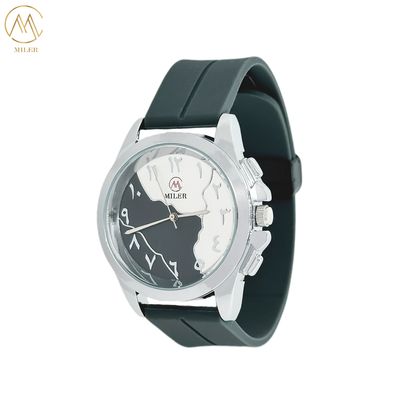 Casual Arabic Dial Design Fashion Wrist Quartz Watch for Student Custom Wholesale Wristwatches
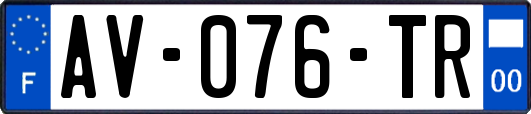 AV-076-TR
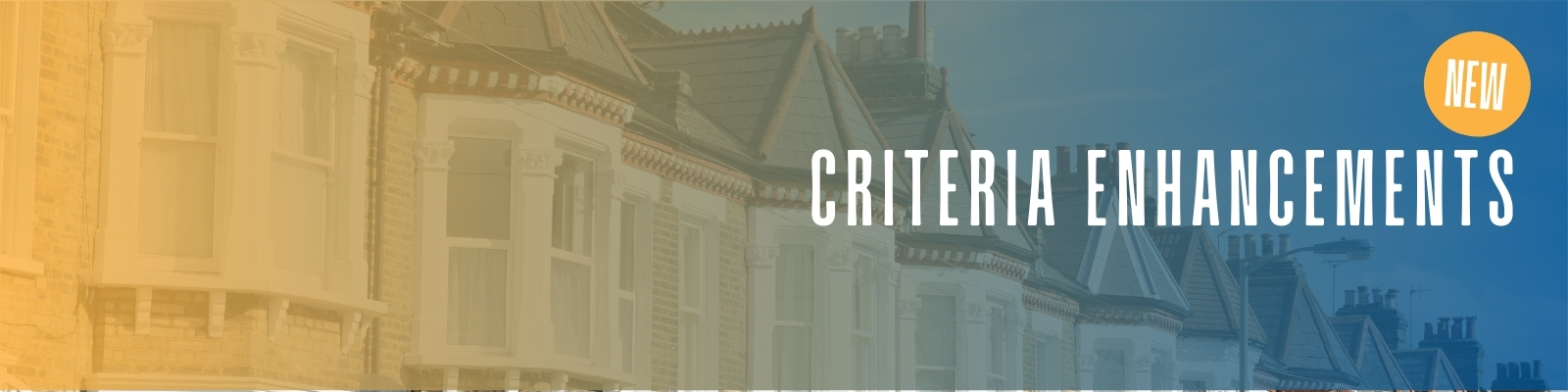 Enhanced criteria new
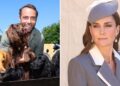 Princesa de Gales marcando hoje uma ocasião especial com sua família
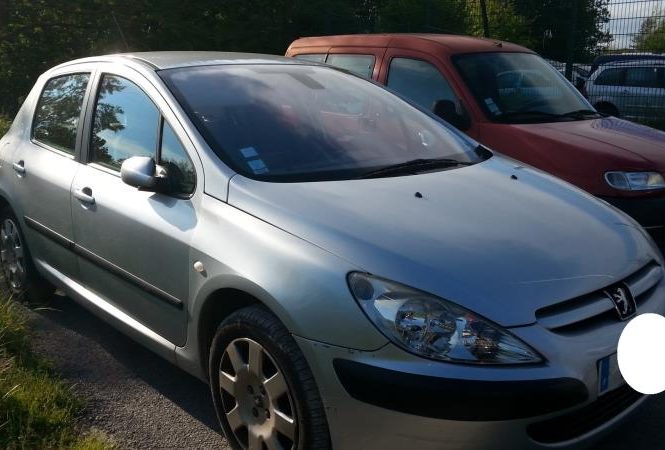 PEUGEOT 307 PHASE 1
__________
**Problem description**
Copy out exactly the lines that run from the line containing "Enhanced criteria new" through the last line of the material, and nothing more; omit the pictures.

**Written answer**
 Enhanced criteria new
 Princesa de Gales marcando hoje uma ocasião especial com sua família
 PEUGEOT 307 PHASE 1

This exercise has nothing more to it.